==== Data for this task ====
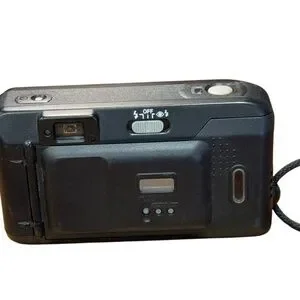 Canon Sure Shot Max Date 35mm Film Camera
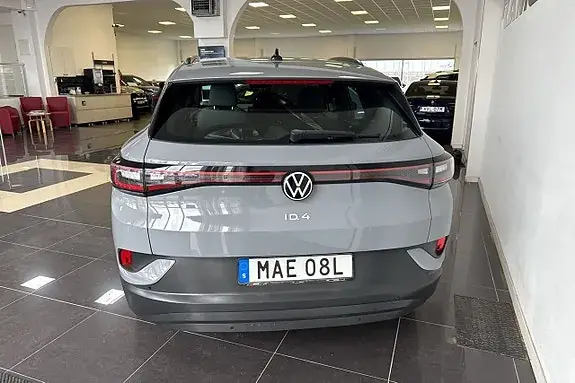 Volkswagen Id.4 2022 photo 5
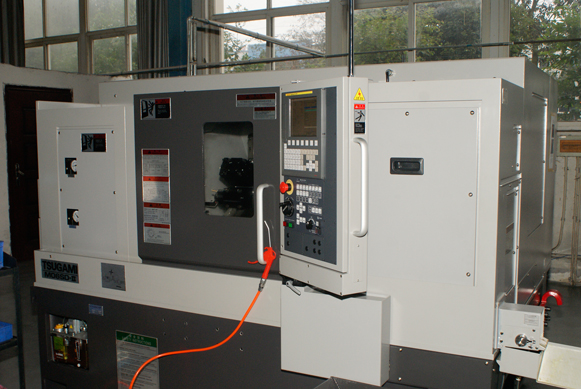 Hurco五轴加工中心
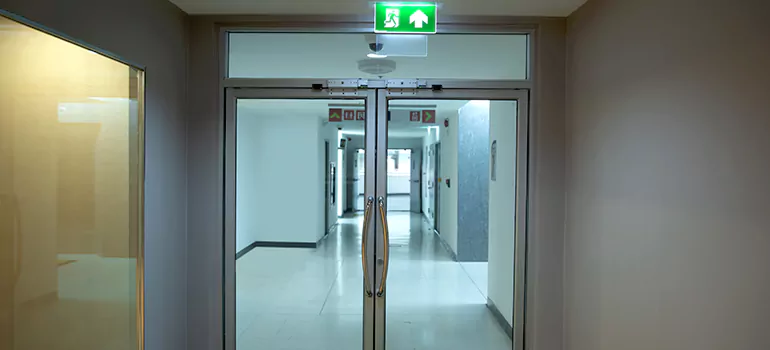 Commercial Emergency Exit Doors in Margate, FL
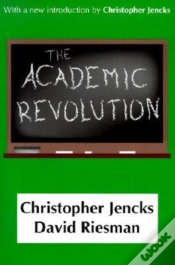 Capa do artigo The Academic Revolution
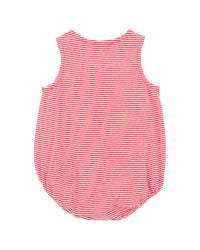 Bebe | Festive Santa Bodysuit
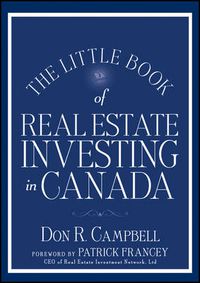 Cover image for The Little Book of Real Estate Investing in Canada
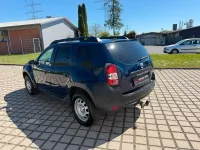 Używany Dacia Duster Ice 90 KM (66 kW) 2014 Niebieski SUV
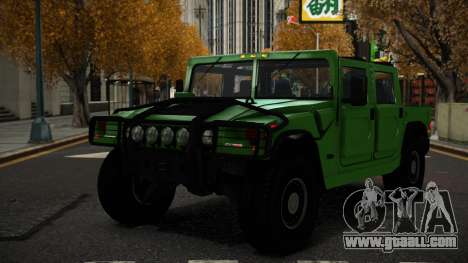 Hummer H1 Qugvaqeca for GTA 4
====
Print each entry exactly, leaving pictures out.

◆ Output for this task:
 Canon Sure Shot Max Date 35mm Film Camera
 Volkswagen Id.4 2022 photo 5
 Hurco五轴加工中心
 Commercial Emergency Exit Doors in Margate, FL
 Capa do artigo The Academic Revolution
 Bebe | Festive Santa Bodysuit
 Cover image for The Little Book of Real Estate Investing in Canada
 Używany Dacia Duster Ice 90 KM (66 kW) 2014 Niebieski SUV
 Hummer H1 Qugvaqeca for GTA 4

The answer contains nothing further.